We adopt a strict approach [to issue preservation] because trial counsel’s failure to object to the error robs the court of the opportunity to correct the error and avoid a retrial. We will not reverse the trial court’s decision to admit evidence where the trial court rejected the specific ground upon which the defendant objected to the evidence and then, on appeal, the defendant argues for reversal based on an evidentiary rule not raised at trial.
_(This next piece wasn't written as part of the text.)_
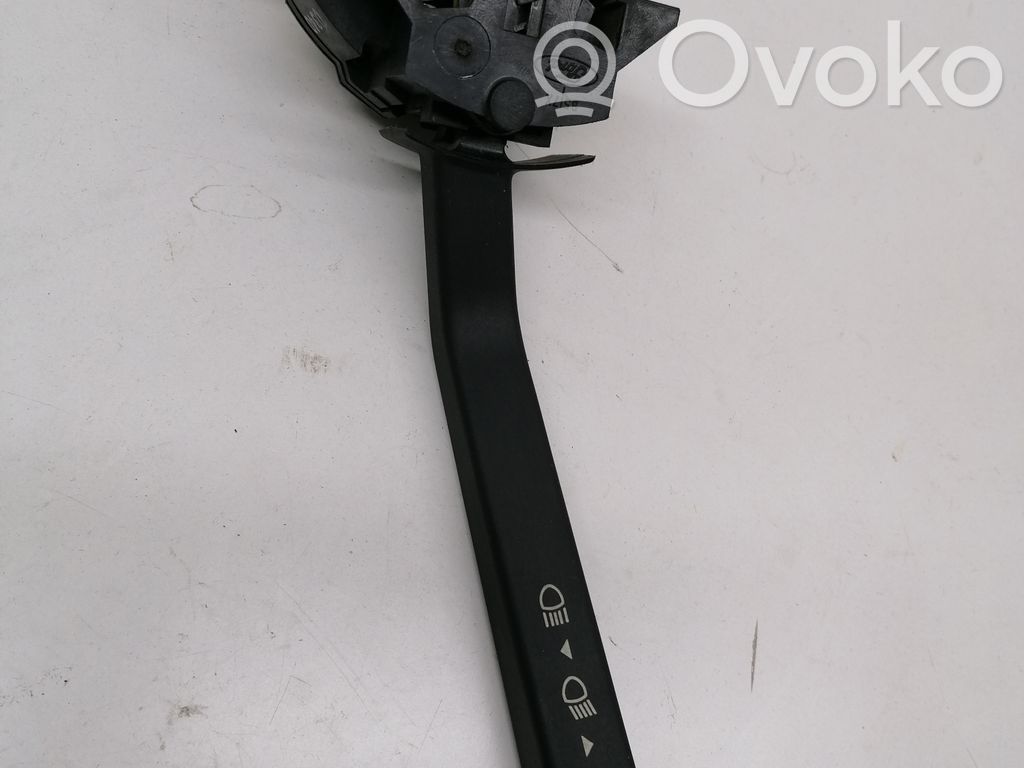 Ford Transit Pagrieziena signālu / lukturu sviria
Powell, 166 Wn.2d at 82-83 (citation omitted). Because Loe’s objections under
ER 701 and 704 were not presented in the trial court, we decline to consider them
now. 8
III. Exclusion of Defense Exhibits
Loe next assigns error to the exclusion of several exhibits she had intended
to admit through the testimony of her defense expert, Lorraine Barrick, a certified
public accountant qualified in financial forensics and as a business appraiser. The
trial court’s primary concern with these exhibits was that Barrick could not lay an
adequate foundation because her knowledge of the exhibits was based on
hearsay, specifically statements Loe made to Barrick. Among the items proffered
but excluded was defense exhibit 134 (Exh. 134), a packet of product and
8 The State also notes in briefing that Loe did not attempt to satisfy RAP 2.5(a)(3) in order
for this challenge to be considered for the first time on appeal as a manifest error affecting a constitutional right. Loe did engage in the test to establish manifest constitutional error, but not until her reply brief. It is well established that we do not consider arguments raised for the first time in reply. Cowiche Canyon Conservancy v. Bosley, 118 Wn.2d 801, 809, 828 P.2d 549 (1992).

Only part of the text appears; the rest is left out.